在传媒所掀起的“沉重的肉身”对“沉重的精神”的反攻倒算中,整个文化界改观了:消解意义而张扬欲望,反对永恒而酷好当下,弃置精神而嗜谈本能。大众文化在传媒广告的牵引下,已经从文化的价值层面向游戏层面回溯:由文化批判而形式结构,由形式结构而直觉表现,由直觉表现而对象摹仿。由传媒所代表的文艺“类象”表明当代文化艺术由灵魂裸露的方式回缩到冷漠绝缘的“纯客观描述”,一种放逐本真情感的“语言游戏”。这种状态只能说明某些“大众艺术”的“大腕”的灵魂分裂成两半。这种分裂的灵魂,只能使意志失去涌动的力量,使当代传媒艺术性格更为乖张而飘浮。于是,在这种文化思潮的带领下,人们日益关注自己的钱包和自身的肉体,而对神圣美的东西不再信任,那种虔敬之心和美好情怀为狂妄之心和低俗之性所取代。于是,在这种文化氛围中,人们对光明美好之物总是以阴暗之心亵渎而后快之,有的对人自身的伟大之处加以嘲弄,以其猥琐的生存作为存在的最终目的,由此形成一种自我贬损的原罪心理,在丧失活生生的生命意识的同时,使自己成为一个物质膨胀的精神侏儒。而大众文化反过来强调了这种浑浑噩噩生活的现世合法性,于是,流行艺术借助传媒开始了以轻浅谑浪的“侃”的文字游戏人生和世界,去掉了人们所剩无几的价值关怀,使生命升华之境开始错位,使无聊的“肥皂剧”统管了人们感性生活的方方面面。一时间,由那种背离了生命启迪和直面苦难的大众文化包装过的软语柔甜的耳畔丝语,展开了征服漠视深度、玩味平面的大众的“文化策略”:时代缺乏高屋建瓴的人文精神导向和稳定的审美趣味,鼓吹漫无边际的消费观和享乐观,助长了不健全的好奇心和廉价幸福观,在广告化的生活场景中泛媚俗的人生喟叹和委琐的个人胸襟。而正常的文化批判被无判断的吹捧所淹没,追求一时的出名或生财成为当代文化景观中“短期效应”的全部目的。

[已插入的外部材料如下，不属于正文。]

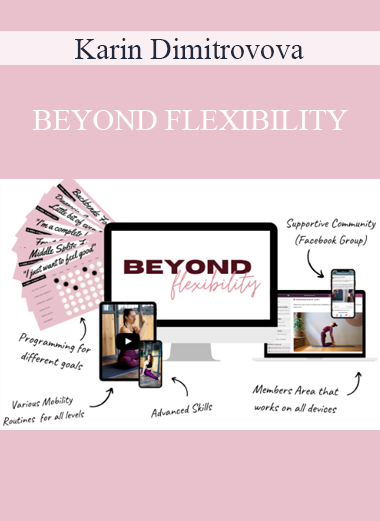 Karin Dimitrovova - BEYOND FLEXIBILITY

无疑,大众传媒具有很强的浸蚀性。它在给人们感官刺激中不知不觉地“洗脑”。然而在其影响下追名逐利的芸芸众生似乎又走上玩世主义的新迷途,即在思想观念上是无政府的个人主义,在艺术趣味上则是对崇高的挖墙角造成的小世民气。于是对理想的非难和对人类尊严的亵渎成为今日时髦:贬斥理想而鼓吹堕落,否定精神信念而刺激感官享乐。我认为,这一精神“废园”现象应当引起当代学者的严重关注。
二、电视广告名牌政治化与消费意识形态
现代广告传媒塑造虚假的金钱神话和消费的意识形态的目的,在于使为温饱问题而努力的大众获得一种理想和谐的假象,通过制造一个温馨的金钱神话或现代化神话,使人们忍受当下的精神苦闷和心理压抑,并把这种受权力话语支配控制的生活当作自由愉悦的生活,把意识的灌输和强制当作自我自觉的意识,把只重金钱的消费社会所强加于个体的控制误认为是个人的自由的必然体现。于是在大众传媒的诱导下,人们的生活和精神出现了有利于操纵的标准化和统一化,使人们逐渐抛弃了超越物质享受的理想价值观念,丢弃一度拥有的或追求的创造性和个体性,走向迎合潮流、唯新是求地趋向时尚。因此,研究大众传媒必须回到文化生产方式的所有权或控制权上来,才能切实地进入对文化的意识权力话语的分析批判。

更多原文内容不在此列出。